Le habrían sólo oído Dios y sus santos, los ángeles, niños a lo mejor como él, y quien sabe si por la voluntad divina, parados en sus cinco años inocentes, aunque en sus alas hubieran soplado ya vendavales de tantos siglos…
Marcelo Brito, Camilo José Cela
Cuando yo conocí a Eulalia, seguía siendo una mujer guapa y vistosa, pero muy lejos de aquella hembra de bandera que los que la conocieron antes cuentan y no paran. Pertenecía a ese tipo de mujeres del sur, que a los dieciséis años, sin haber perdido la lozanía de la casi niñez, tienen ya de mujer lo que otras muchas no consiguen en toda su vida: un cuerpo espectacular y completamente desarrollado, amén de un desparpajo y una cuasi picardía, que no había hombre que se resistiera a mirarla con esa mirada que hace que parezcamos tontos de baba y que en cuanto abrimos la boca, lo demostramos.
Justo con esos dieciséis años recién cumplidos, quiso Dios, por medio de su alter ego, el diablo, que conociera a un caballero legionario que le doblaba la edad.
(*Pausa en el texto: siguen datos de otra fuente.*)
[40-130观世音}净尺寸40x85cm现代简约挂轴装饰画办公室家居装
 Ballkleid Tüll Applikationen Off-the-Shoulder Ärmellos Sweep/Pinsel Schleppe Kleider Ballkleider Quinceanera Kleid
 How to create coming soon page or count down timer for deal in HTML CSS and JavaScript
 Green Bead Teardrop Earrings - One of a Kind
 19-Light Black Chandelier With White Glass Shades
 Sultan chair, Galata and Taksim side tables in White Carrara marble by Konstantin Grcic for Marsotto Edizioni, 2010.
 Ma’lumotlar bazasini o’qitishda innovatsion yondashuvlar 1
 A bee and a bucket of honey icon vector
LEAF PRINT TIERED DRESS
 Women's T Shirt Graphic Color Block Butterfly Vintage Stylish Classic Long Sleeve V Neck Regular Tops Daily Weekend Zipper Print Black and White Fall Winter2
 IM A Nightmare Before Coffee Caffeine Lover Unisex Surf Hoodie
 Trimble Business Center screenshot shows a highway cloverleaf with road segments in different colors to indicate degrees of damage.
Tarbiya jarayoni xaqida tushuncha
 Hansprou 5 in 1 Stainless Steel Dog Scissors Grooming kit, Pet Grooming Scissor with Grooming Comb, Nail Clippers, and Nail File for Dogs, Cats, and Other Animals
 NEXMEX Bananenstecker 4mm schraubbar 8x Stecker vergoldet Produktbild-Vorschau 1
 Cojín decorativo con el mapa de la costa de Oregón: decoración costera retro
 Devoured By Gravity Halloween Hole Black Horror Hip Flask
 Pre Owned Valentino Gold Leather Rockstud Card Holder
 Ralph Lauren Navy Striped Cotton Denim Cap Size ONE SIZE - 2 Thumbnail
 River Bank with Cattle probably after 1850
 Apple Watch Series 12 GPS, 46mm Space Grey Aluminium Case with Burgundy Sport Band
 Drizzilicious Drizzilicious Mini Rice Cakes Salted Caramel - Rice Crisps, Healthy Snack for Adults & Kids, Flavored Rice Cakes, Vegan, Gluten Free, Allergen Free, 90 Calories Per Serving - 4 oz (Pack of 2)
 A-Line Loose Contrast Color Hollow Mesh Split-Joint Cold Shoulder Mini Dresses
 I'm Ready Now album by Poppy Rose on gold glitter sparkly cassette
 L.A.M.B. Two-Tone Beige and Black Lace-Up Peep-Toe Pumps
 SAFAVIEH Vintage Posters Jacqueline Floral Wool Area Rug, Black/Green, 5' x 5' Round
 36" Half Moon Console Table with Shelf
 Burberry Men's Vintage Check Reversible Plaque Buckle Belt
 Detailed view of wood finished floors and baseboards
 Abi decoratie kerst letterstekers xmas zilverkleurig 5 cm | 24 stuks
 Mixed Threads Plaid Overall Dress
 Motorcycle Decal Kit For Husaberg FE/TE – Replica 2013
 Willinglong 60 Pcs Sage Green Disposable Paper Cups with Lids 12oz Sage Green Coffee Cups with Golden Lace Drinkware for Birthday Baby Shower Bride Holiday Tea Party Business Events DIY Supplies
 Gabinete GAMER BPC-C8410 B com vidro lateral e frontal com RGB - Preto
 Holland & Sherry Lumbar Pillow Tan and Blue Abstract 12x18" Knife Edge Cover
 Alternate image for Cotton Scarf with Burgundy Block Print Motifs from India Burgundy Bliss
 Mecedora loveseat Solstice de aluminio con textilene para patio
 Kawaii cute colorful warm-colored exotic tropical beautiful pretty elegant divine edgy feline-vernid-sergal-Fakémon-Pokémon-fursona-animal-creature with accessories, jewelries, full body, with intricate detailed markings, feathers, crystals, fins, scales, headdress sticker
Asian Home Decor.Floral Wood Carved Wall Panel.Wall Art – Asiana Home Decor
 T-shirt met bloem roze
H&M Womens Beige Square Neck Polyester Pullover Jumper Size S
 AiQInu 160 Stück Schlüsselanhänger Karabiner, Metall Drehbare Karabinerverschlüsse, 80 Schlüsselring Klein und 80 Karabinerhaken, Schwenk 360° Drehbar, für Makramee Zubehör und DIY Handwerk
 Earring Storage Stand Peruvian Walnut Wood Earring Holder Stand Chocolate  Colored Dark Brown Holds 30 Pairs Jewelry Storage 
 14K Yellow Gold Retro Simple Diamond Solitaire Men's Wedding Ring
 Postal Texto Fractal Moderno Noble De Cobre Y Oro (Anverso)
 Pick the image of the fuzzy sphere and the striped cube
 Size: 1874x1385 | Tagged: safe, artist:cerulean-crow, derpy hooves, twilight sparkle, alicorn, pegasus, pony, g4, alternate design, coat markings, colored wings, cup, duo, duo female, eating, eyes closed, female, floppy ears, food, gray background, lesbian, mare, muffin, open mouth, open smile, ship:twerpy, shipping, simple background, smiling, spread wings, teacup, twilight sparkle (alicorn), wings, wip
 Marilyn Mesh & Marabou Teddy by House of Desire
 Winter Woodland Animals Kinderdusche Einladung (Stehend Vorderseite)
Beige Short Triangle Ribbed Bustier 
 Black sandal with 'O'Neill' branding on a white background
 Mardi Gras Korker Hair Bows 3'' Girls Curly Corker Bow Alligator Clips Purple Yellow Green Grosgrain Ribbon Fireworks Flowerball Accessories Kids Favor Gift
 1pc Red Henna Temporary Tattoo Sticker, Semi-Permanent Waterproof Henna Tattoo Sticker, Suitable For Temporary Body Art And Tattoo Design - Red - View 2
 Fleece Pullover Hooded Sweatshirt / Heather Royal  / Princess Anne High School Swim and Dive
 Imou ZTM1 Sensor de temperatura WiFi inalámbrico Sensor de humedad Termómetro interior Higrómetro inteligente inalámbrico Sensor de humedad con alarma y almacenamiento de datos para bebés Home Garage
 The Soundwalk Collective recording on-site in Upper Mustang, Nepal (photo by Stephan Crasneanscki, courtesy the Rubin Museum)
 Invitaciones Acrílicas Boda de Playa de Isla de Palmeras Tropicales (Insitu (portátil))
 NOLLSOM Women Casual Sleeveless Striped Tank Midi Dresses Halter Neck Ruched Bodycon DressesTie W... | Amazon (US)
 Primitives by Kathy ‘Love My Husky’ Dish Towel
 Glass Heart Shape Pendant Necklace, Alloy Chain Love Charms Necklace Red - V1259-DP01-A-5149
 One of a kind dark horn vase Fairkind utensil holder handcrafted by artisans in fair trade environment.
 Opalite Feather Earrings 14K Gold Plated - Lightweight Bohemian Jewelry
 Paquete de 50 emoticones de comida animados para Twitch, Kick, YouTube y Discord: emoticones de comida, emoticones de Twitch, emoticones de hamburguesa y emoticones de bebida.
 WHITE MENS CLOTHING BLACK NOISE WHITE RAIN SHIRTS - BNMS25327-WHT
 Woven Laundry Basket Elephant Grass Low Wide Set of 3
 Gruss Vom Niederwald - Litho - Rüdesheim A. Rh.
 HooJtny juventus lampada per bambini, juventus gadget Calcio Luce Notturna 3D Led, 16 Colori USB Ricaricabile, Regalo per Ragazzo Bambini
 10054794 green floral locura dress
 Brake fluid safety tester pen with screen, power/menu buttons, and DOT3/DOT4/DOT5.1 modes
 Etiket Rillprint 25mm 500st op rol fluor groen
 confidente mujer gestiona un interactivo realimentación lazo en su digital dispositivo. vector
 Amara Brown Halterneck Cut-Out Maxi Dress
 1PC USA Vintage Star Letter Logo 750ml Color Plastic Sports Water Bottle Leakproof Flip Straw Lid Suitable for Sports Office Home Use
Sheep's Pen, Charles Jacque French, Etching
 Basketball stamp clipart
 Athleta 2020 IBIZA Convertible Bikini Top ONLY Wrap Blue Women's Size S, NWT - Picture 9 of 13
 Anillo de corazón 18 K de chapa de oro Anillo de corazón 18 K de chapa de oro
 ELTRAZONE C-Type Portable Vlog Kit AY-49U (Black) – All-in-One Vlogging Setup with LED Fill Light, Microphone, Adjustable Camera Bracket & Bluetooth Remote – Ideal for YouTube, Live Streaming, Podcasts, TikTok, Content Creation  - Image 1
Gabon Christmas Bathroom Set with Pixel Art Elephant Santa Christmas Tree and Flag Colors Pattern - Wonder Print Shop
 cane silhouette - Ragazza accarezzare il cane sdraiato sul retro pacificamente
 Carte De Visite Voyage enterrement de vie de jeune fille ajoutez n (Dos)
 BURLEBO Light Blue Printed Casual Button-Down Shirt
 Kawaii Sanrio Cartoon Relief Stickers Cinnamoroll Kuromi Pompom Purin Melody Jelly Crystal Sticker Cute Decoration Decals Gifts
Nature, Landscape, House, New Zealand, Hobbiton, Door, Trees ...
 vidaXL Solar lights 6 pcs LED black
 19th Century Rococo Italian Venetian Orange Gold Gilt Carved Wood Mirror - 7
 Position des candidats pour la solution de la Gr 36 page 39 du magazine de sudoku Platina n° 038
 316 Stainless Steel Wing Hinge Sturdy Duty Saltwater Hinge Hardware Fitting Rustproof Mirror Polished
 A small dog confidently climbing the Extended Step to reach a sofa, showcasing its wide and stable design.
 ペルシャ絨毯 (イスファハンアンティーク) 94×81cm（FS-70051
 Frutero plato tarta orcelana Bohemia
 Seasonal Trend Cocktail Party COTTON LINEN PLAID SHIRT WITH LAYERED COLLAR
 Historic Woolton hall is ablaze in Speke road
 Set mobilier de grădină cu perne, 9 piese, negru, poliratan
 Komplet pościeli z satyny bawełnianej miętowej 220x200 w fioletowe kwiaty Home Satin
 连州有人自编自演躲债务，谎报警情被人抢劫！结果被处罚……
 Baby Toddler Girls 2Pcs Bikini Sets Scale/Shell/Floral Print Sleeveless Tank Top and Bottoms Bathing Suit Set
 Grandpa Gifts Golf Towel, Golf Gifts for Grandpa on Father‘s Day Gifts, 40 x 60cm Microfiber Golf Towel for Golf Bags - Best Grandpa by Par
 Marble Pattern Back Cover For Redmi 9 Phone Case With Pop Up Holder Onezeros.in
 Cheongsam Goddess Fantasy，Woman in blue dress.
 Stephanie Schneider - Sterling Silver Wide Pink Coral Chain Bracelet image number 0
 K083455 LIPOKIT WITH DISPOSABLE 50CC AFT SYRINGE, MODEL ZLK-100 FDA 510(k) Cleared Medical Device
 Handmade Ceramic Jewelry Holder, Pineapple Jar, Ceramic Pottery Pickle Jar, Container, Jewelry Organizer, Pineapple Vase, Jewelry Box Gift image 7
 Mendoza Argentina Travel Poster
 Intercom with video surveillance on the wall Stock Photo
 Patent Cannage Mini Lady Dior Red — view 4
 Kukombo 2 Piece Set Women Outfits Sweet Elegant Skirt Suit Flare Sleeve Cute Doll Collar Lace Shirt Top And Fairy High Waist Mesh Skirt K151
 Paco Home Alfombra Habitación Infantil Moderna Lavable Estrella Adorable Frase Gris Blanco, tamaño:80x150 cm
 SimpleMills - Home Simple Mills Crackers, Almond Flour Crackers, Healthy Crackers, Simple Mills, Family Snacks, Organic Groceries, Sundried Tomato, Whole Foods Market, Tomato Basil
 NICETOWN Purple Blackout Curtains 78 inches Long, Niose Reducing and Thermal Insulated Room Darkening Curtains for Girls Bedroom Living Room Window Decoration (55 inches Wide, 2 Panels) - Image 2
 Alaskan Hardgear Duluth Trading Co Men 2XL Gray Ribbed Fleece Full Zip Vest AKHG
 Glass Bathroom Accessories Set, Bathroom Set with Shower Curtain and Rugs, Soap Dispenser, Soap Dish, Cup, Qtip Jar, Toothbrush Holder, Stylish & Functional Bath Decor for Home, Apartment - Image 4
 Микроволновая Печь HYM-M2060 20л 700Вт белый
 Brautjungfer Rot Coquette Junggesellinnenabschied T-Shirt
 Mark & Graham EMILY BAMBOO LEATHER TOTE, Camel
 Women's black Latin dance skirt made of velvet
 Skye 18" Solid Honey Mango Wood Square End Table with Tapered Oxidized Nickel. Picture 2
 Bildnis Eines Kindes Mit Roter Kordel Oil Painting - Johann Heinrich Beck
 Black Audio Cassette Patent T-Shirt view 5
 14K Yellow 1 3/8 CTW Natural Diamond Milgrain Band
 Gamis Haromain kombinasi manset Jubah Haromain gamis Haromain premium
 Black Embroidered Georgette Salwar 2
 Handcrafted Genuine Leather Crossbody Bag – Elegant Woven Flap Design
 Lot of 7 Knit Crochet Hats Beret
El caballero legionario desplegó todo su plumaje de pavo real, y le pintó un mundo de aventuras en el que ella siempre sería la heroína. Su primera y única aventura fue fugarse de casa y escapar con él; el resto, fueron desventuras.
En cuanto iniciaron la convivencia, se despojó el legionario del título de caballero, guardó en el armario las plumas de pavo real y descolgó el cinturón que se convertiría desde entonces en su modo de decirle cuanto la quería. Enseguida llegaron los dos primeros hijos, con apenas los nueve meses que la naturaleza marca como distancia mínima. Lejos de su familia y con el sentimiento de culpa con que su fuga le cargó, las cartas que enviaba, iban impregnadas de una felicidad inventada por Corín Tellado. La muerte del primogénito en un accidente doméstico justificó ante la familia que acudió al entierro, lo que sin ese fúnebre acontecimiento hubieran sido señales inequívocas de que nada iba bien. El legionario sabía vestirse de caballero en público y ningún signo externo, salvo el dolor de la pérdida fue nadie capaz de percibir. Vinieron dos hijos más, otro niño y otra niña y transcurrieron los años entre momentos de sosiego, pocos y temporadas de ira, las más. La violencia alcanzaba a los pequeños, sobre todo al varón, que debía educarse con los valores militares, entendiera lo que entendiese el legionario por valores.
El legionario, una vez cumplida la edad, se jubiló con el complemento de un destino civil y regresaron a la tierra de Eulalia. Aquí y entonces fue donde y cuando yo la conocí, aunque ya sabía de su existencia, no de sus desventuras. Al estar de nuevo con su familia y tener una vida social, el legionario volvió a vestirse de caballero y a desplegar sus plumas de pavo real, lo que dio una sensación de falsa felicidad a Eulalia y un nuevo hijo, que se convirtió en su asidero vital Cuando volvieron los golpes que nunca se habían ido, sólo dormían, se armó de valor, cogió a sus hijos, los cuatro, y buscó la ayuda de una asociación, que le procuró un hogar y una protección. El hogar consistía en una habitación en el cuarto piso de un edificio propiedad de esa asociación y la protección la que le proporcionaba la propia asociación y la familia que ya estaba al día de su verdadera vida.
Los días fueron pasando y convirtiéndose en meses, siempre con el temor de que algún día, en cualquiera de las salidas que forzosamente había de hacer (sólo las imprescindibles), se encontrara con el legionario y que su pequeño quedara sin madre. Y llegó la navidad, esas fechas en que todo se cubre de un halo de paz y amor con tanta apariencia de realidad, que muy pocos no sucumben.
La noche del veinticuatro, Eulalia se puso su mejor traje, uno sencillo pero elegante, diseñado por ella misma y cortado de un retal de tela que encontró en unos almacenes. Se vistieron también los tres hijos mayores y el pequeño, que apenas tenía cinco años, se quedó durmiendo. La misa del gallo era en el piso de arriba del edificio de la asociación donde vivía, por lo que no tuvo inconveniente en dejarlo durmiendo, sabiendo que enviaría de vez en cuando a cualquiera de los tres hermanos para que le echaran un vistazo.
Recién comenzada la misa, Cristóbal, que así se llamaba el niño, despertó. A través del cristal roto de la ventana, le llegaban los ruidos del piso de arriba y curioso, como niño que era, abrió la ventana para ver a que se debían esos ruidos. El puñetero ángel de la guarda debía estar arriba, en la Misa del Gallo.